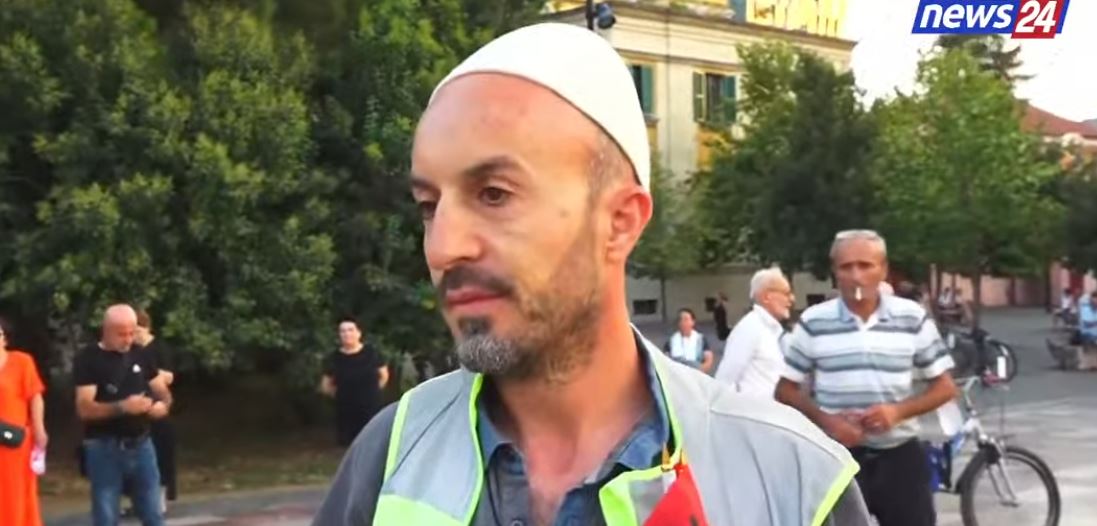  Mërgata s ka ardhur vetëm për pushime  por për të rrëzuar Ramën   Arben Kola  Shqiptarët të bashkohen në Ti   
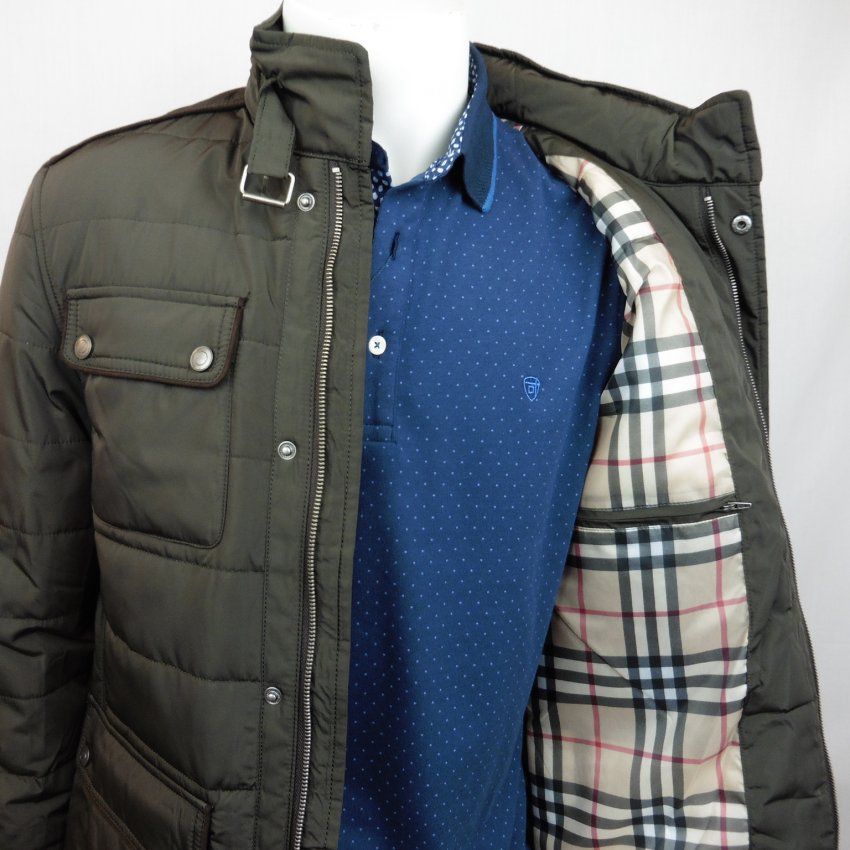 Chaquetón marrón de Javier Lobato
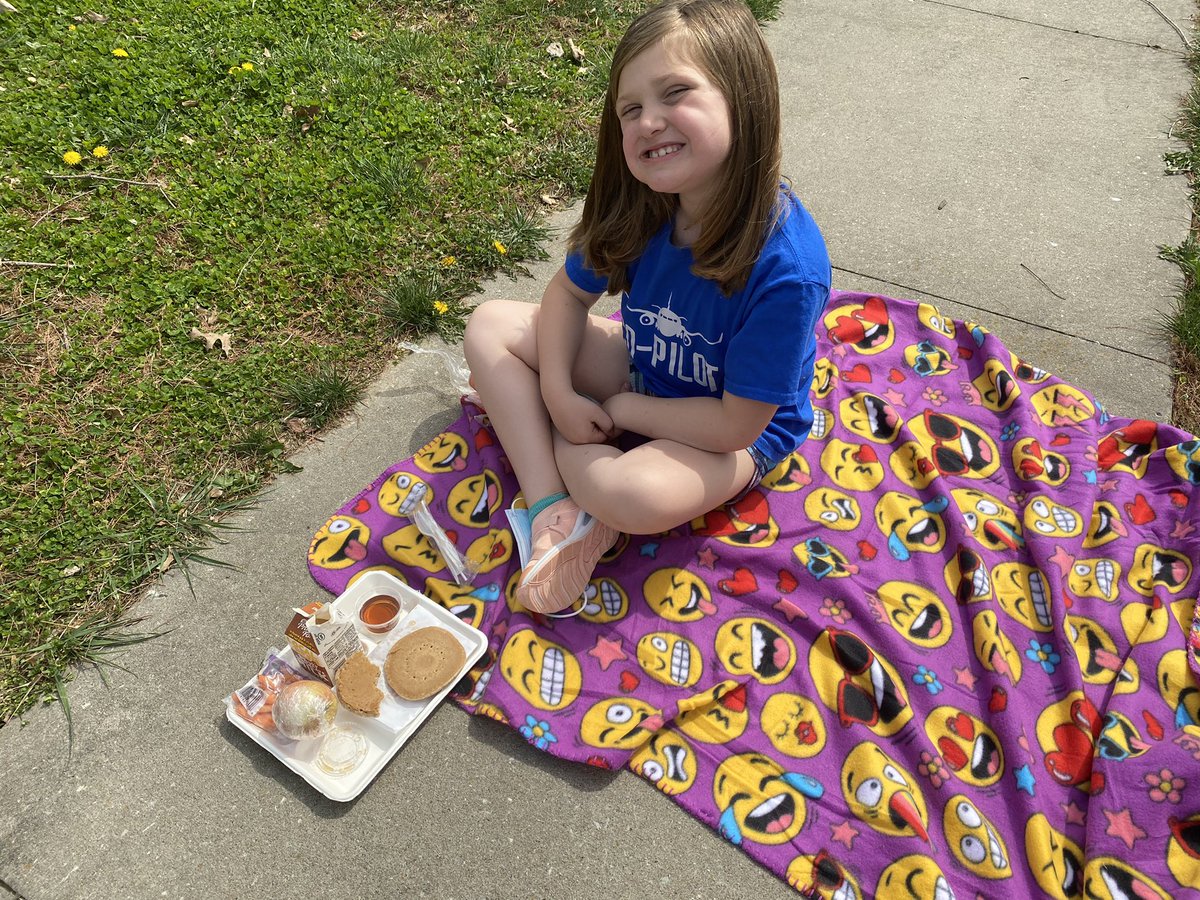 Katie Cribbs tweet media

◇ ◇ ◇ ◇

If pictures appear in the data, omit them and copy all other parts exactly.

  Mërgata s ka ardhur vetëm për pushime  por për të rrëzuar Ramën   Arben Kola  Shqiptarët të bashkohen në Ti   
 Chaquetón marrón de Javier Lobato
 Katie Cribbs tweet media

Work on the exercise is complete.